**Data**

-*-*-

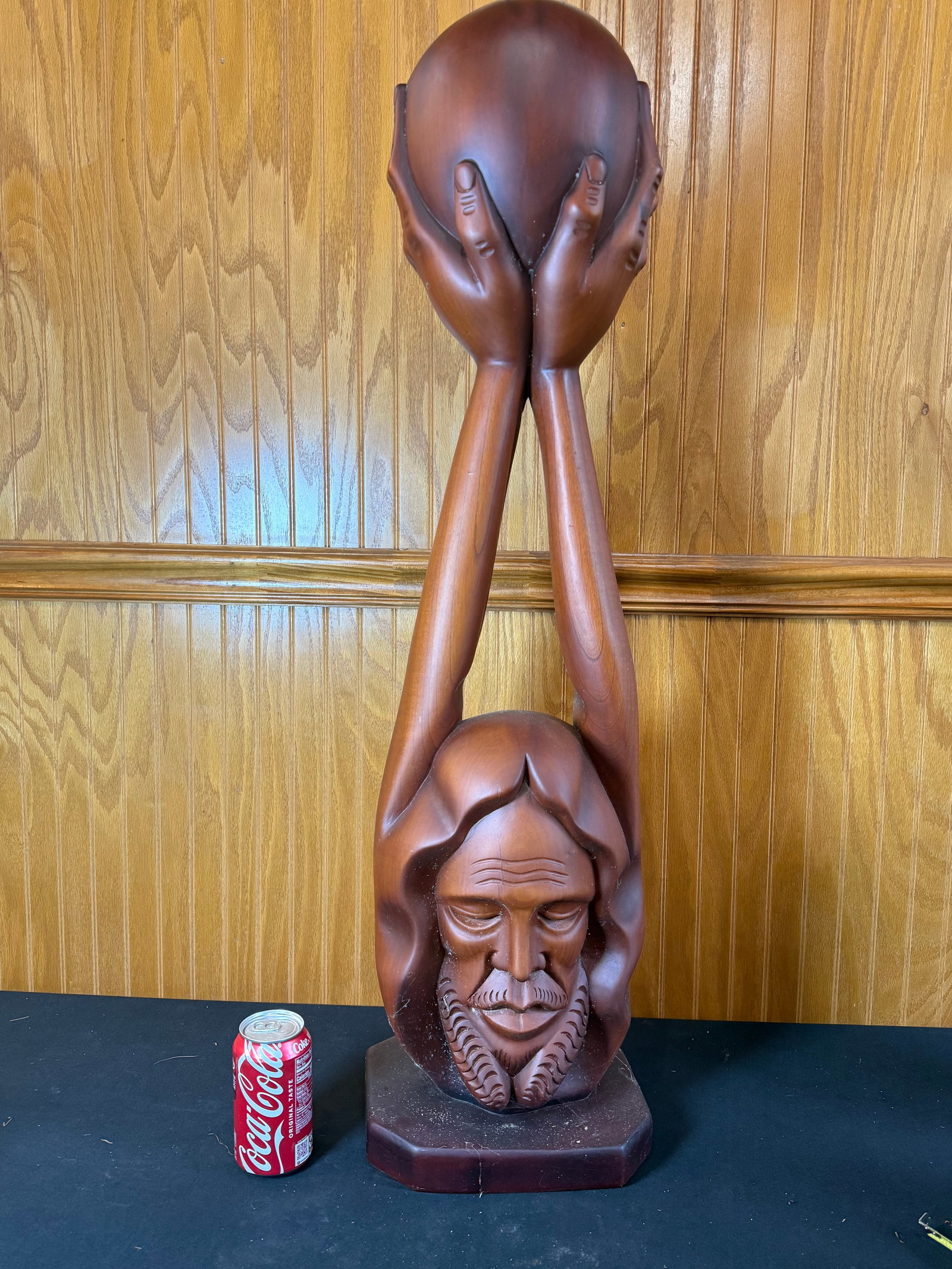 Hand carved wooden African statue: Hand carved wooden African statue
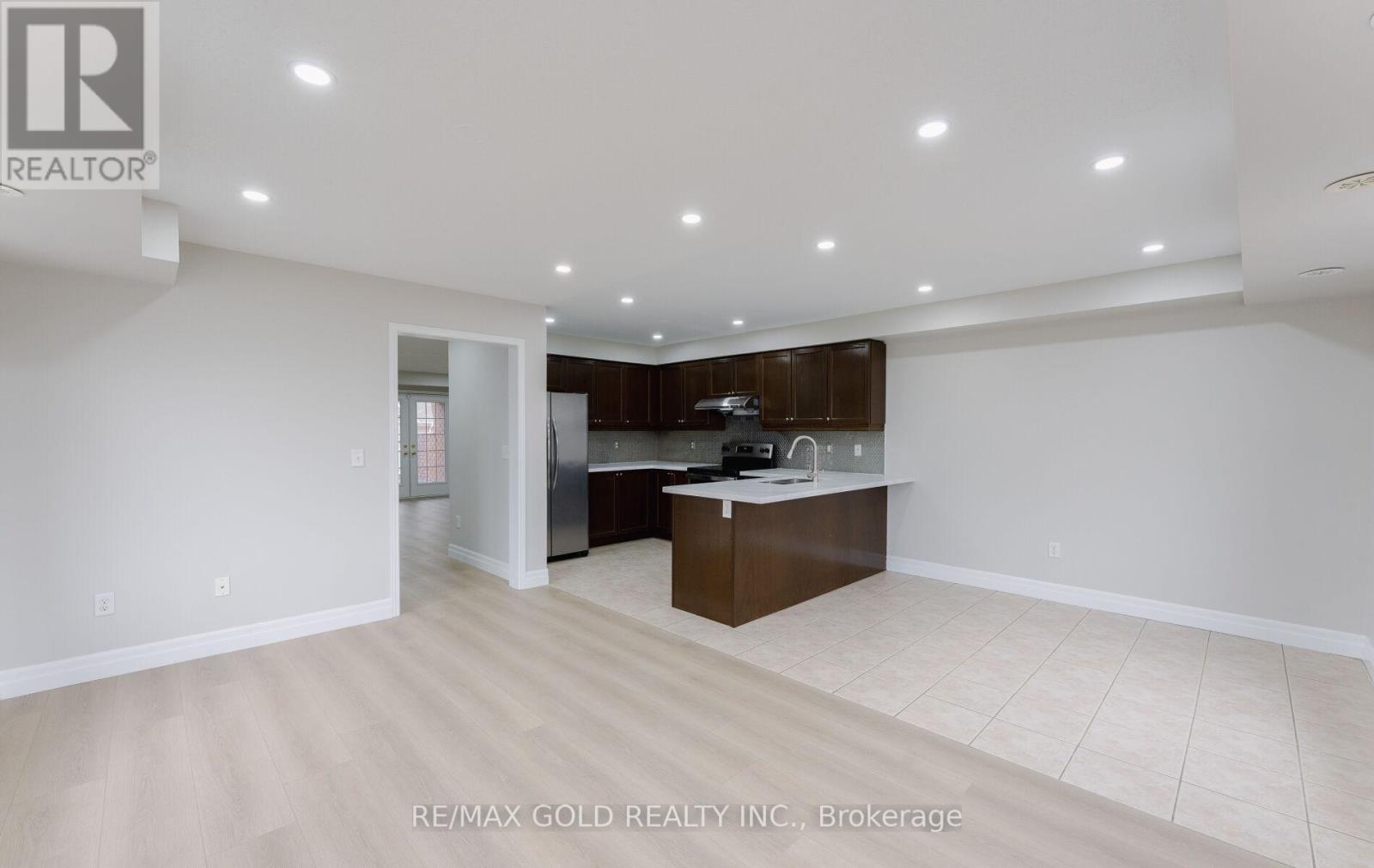 45 Seachart Place, Brampton, Ontario  L6P 3E1 - Photo 12 - W12544632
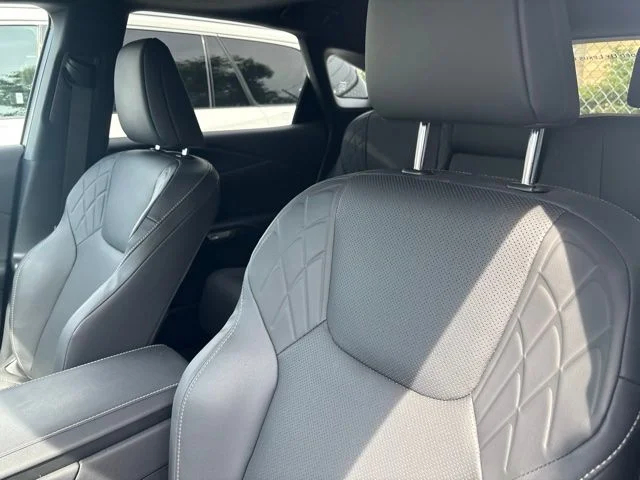 Used 2025 Silver Lexus 350 Premium image 2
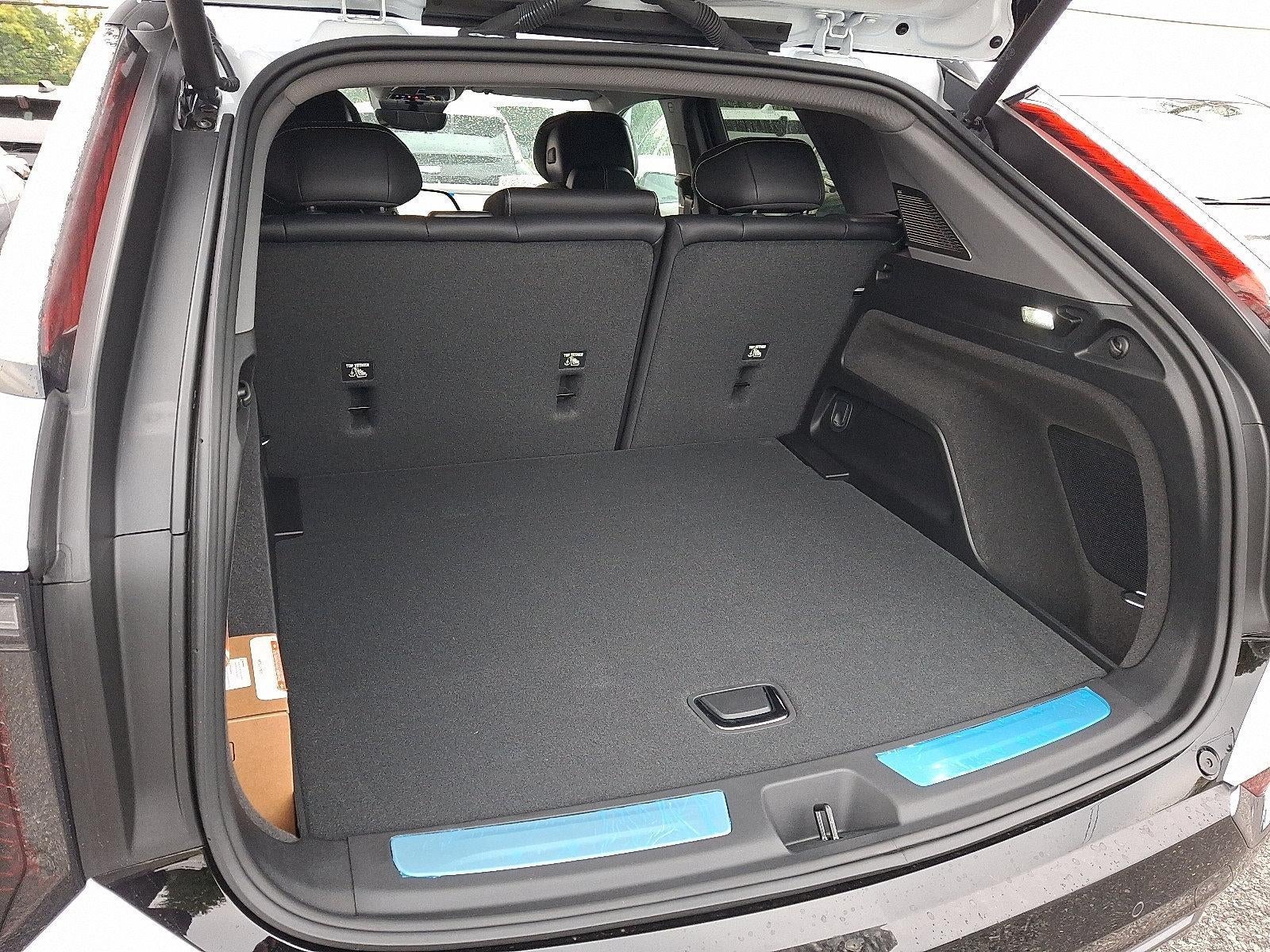 2027 Cadillac OPTIQ 4dr Sport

-*-*-

**Exercise directions**
What the answer must hold is the exact text of every line from the one containing "45 Seachart Place, Brampton, Ontario" through the end of the data, minus any pictures.

**Answer space**
 45 Seachart Place, Brampton, Ontario  L6P 3E1 - Photo 12 - W12544632
 Used 2025 Silver Lexus 350 Premium image 2
 2027 Cadillac OPTIQ 4dr Sport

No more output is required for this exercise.